[Directions] Would you retype, word for word, the line with "2014 Chevrolet Corvette" and each line after it to the end of the entries below, leaving the pictures out?

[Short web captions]

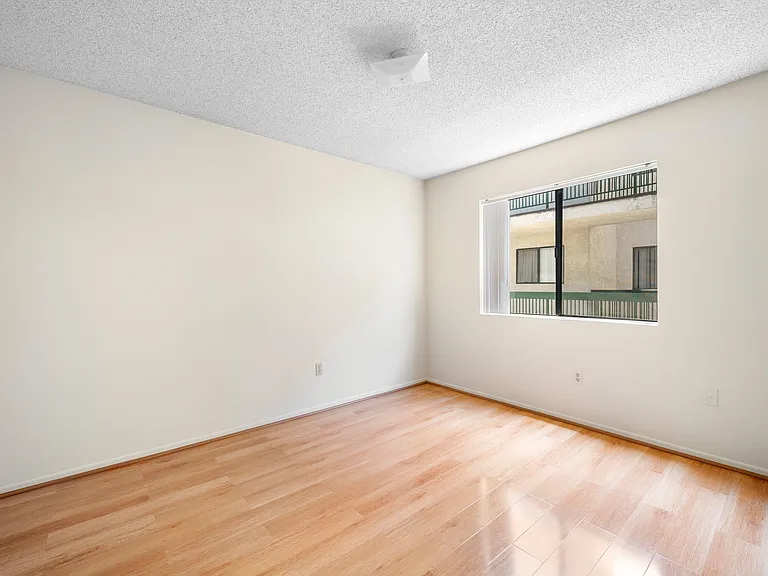 1004 E Garfield Ave #3 — Photo 15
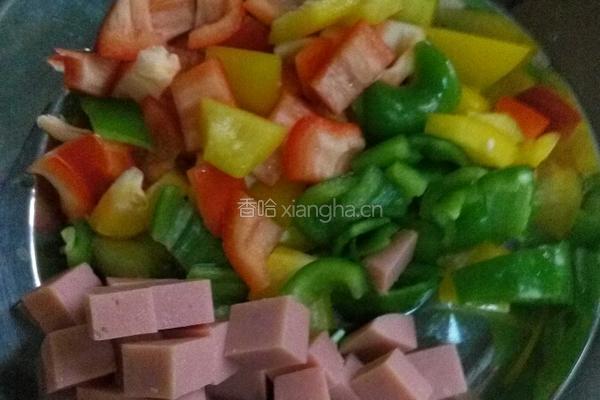 彩椒酱油炒饭的做法图解2
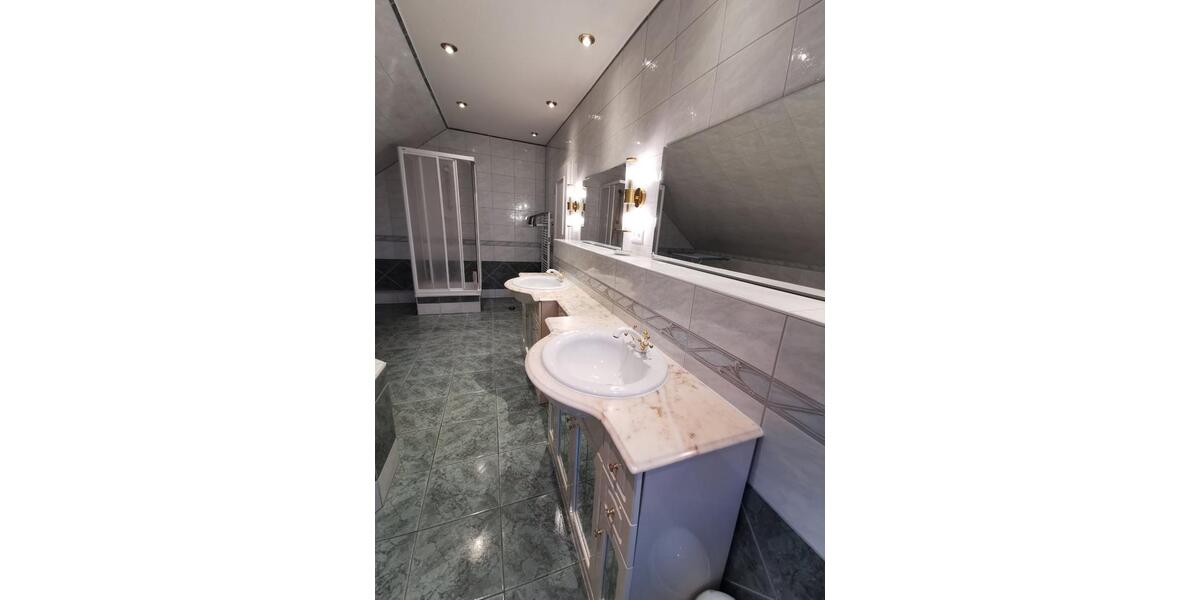 Einfamilienhaus Neuenhagen bei Berlin - 6 Zimmer, 190 m&sup2;, 5.900&euro; | Angebot:24640945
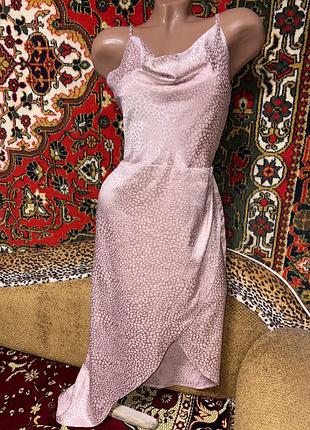 Гарна ніжна сукня комбінація в білизняному стилі new look. румунія асиметрична,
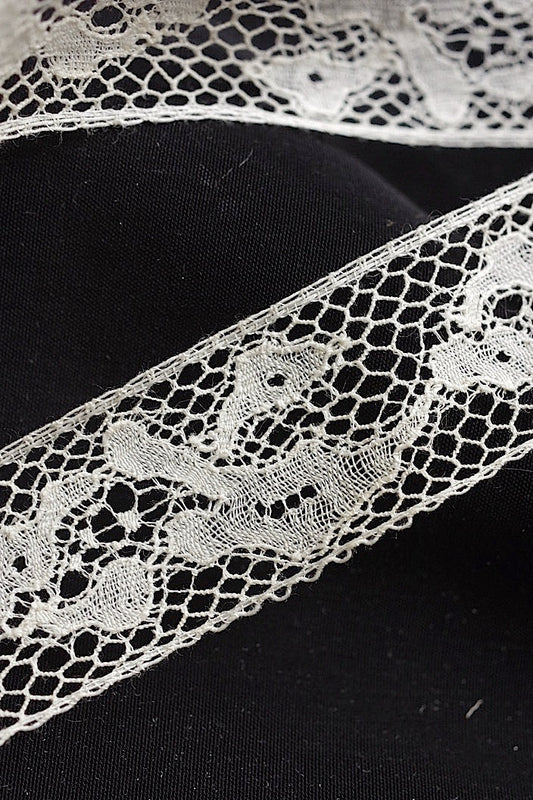 アンティークレース dentelle ancinne .FR a l'epoque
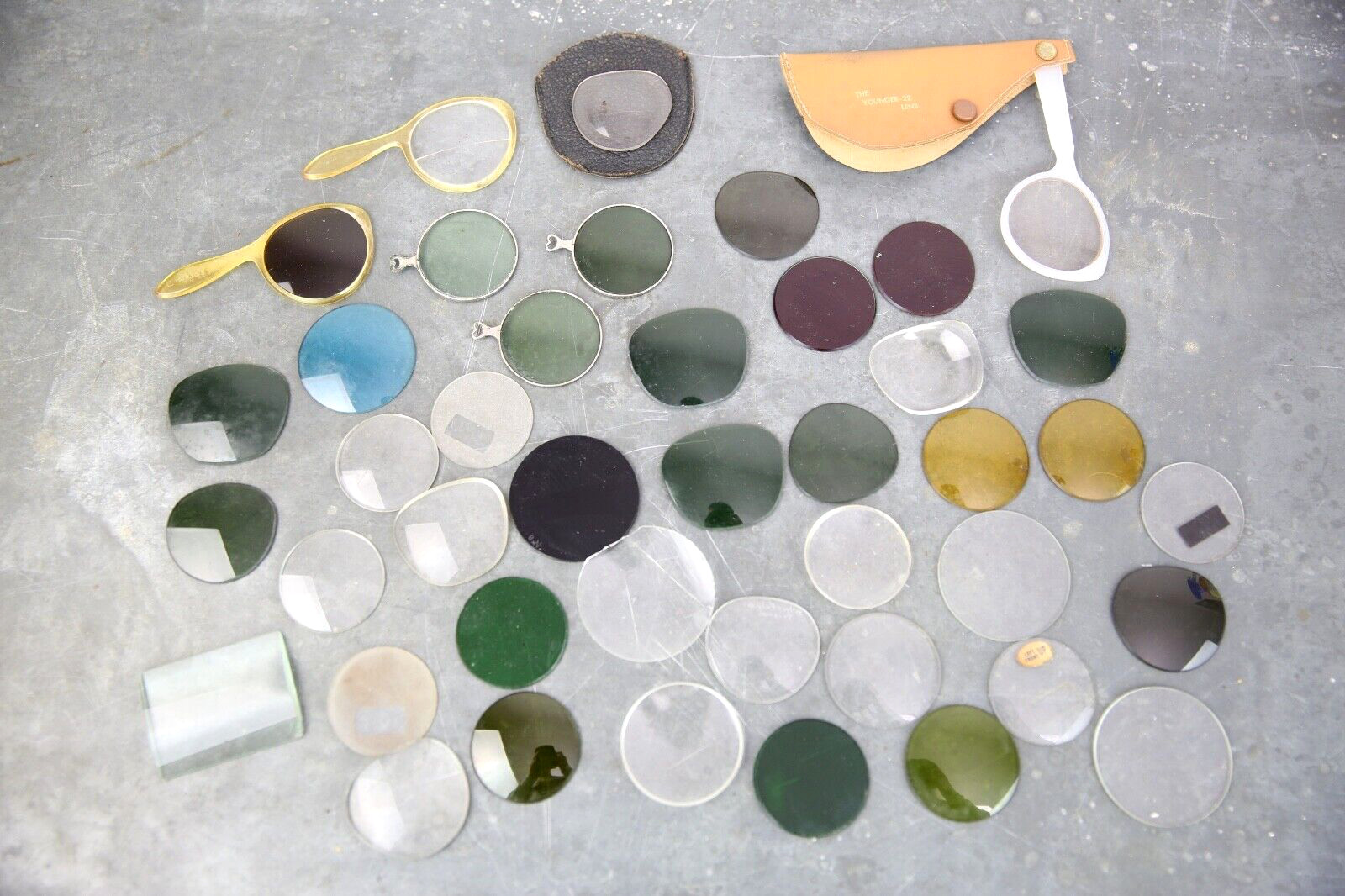 Vintage Optometrist Eye Doctor Exam sunglasses Lens Sample Lot eyeglasses old Vintage Optometrist Eye Doctor Exam sunglasses Lens Sample Lot eyeglasses old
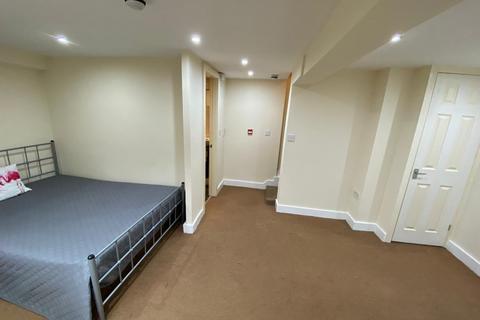 3 bedroom house share to rent - Norman Grove, Kirkstall, Leeds, LS5 3JH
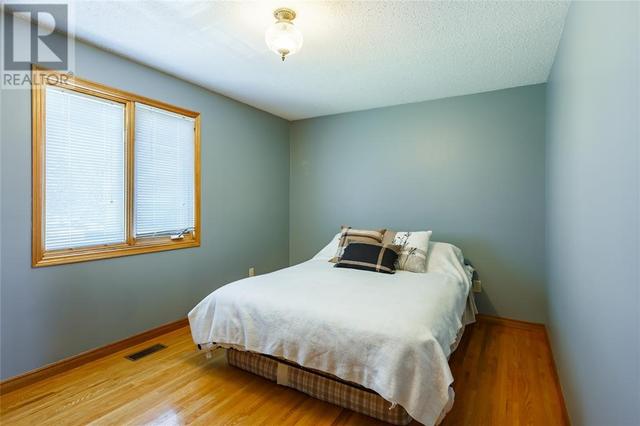 873 Maxwell Street, House detached with 4 bedrooms, 3 bathrooms and null parking in Sarnia ON | Image 25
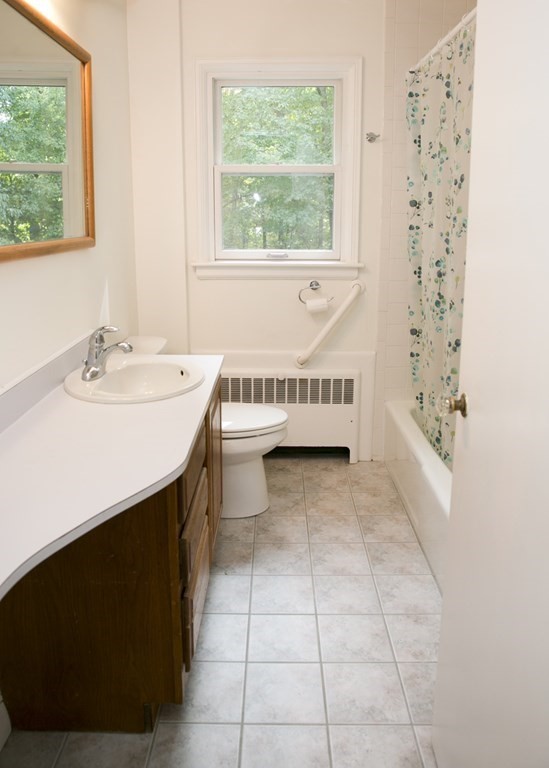 11 Maplewood Road Shrewsbury, MA 01545 - Photo 23 of 34 Gallery Image 23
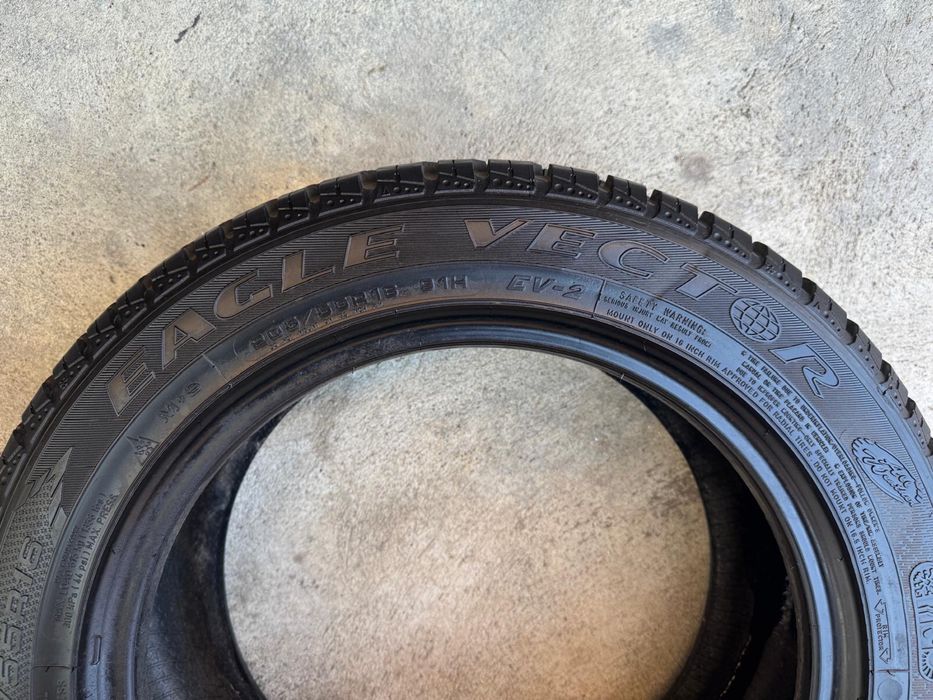 Anvelopa 205/55R16 Goodyear Eagle Vector M+S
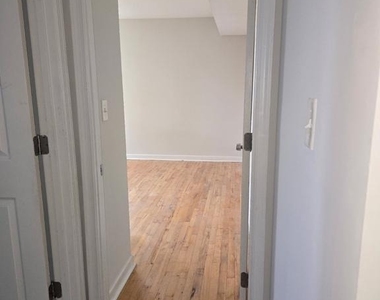 902 Arion Park Park - Photo Thumbnail 1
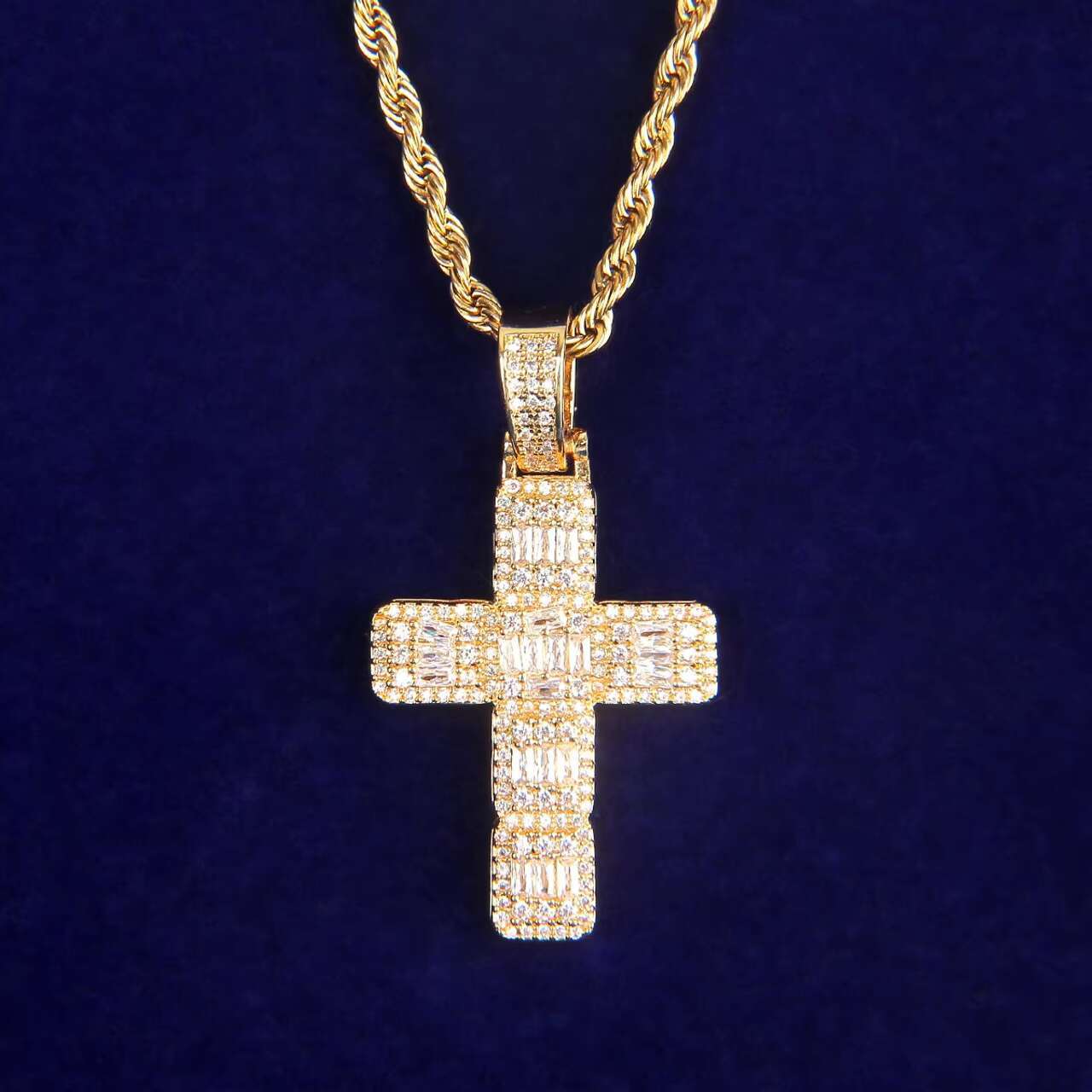 18K Gold Hip Hop Style Baguette Cross Pendant Necklace Christian Cross Moissanite Jewelry Flooded Ice Effect Pendants Charms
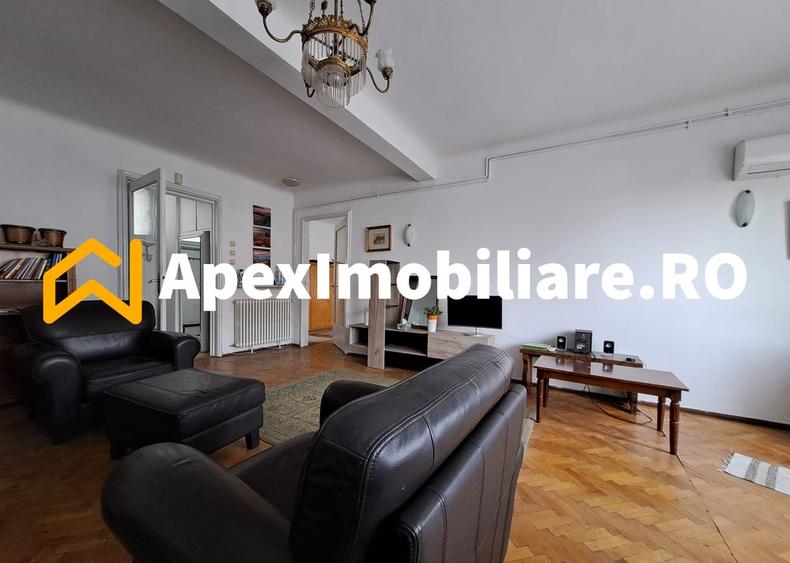 Apartament cu 2 camere semidecomandat, mobilat în Armeneasca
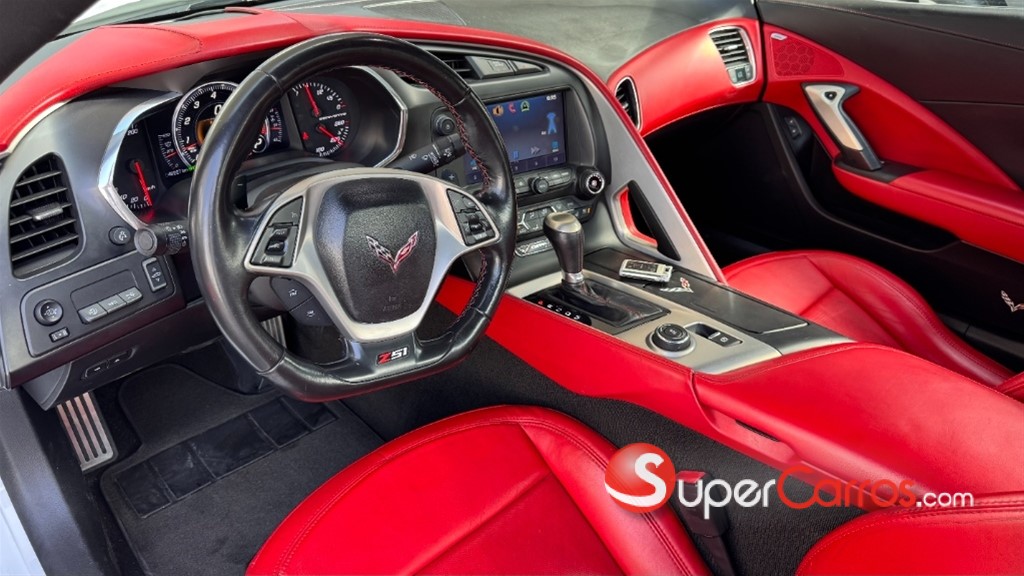 2014 Chevrolet Corvette Z51 Convertible — foto 8 / 12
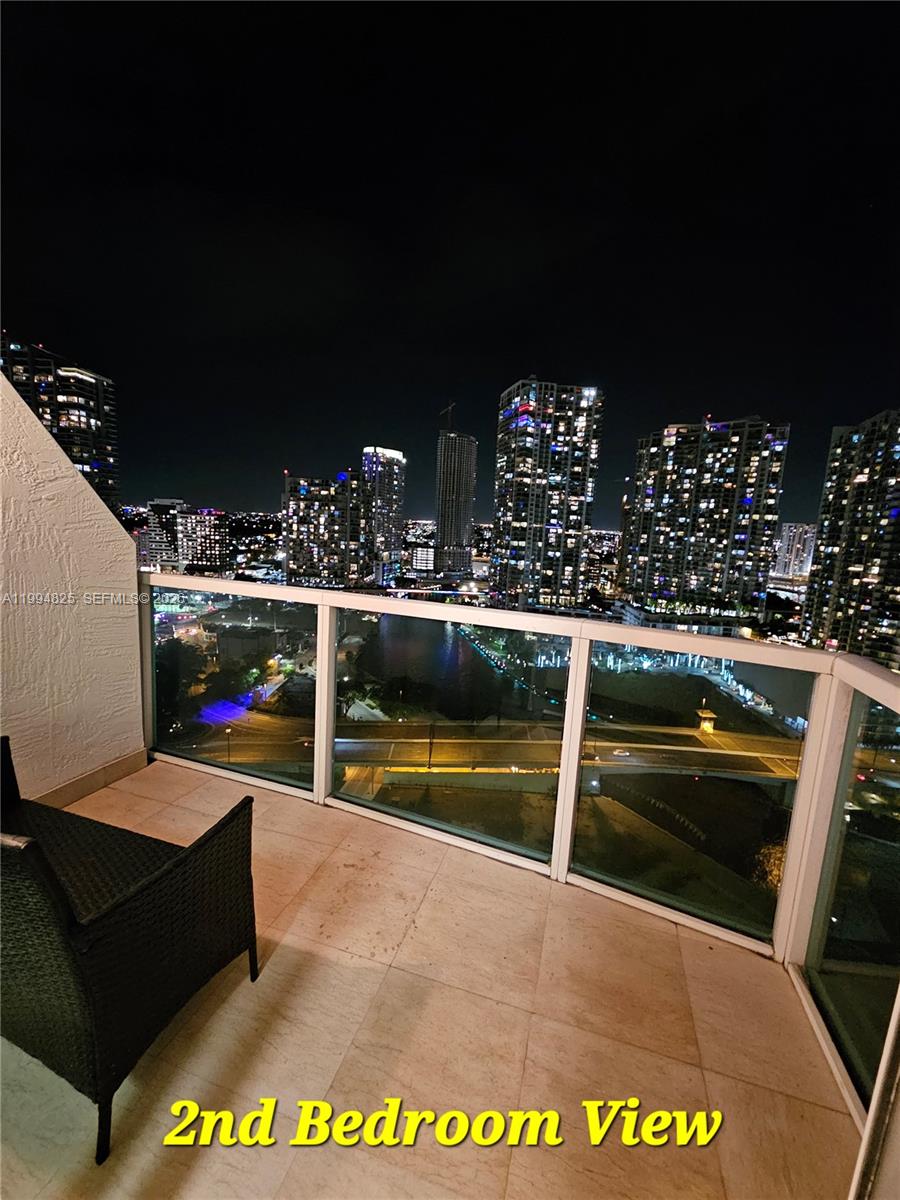 image Brickell on the River South53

[Exercise solution]
 2014 Chevrolet Corvette Z51 Convertible — foto 8 / 12
 image Brickell on the River South53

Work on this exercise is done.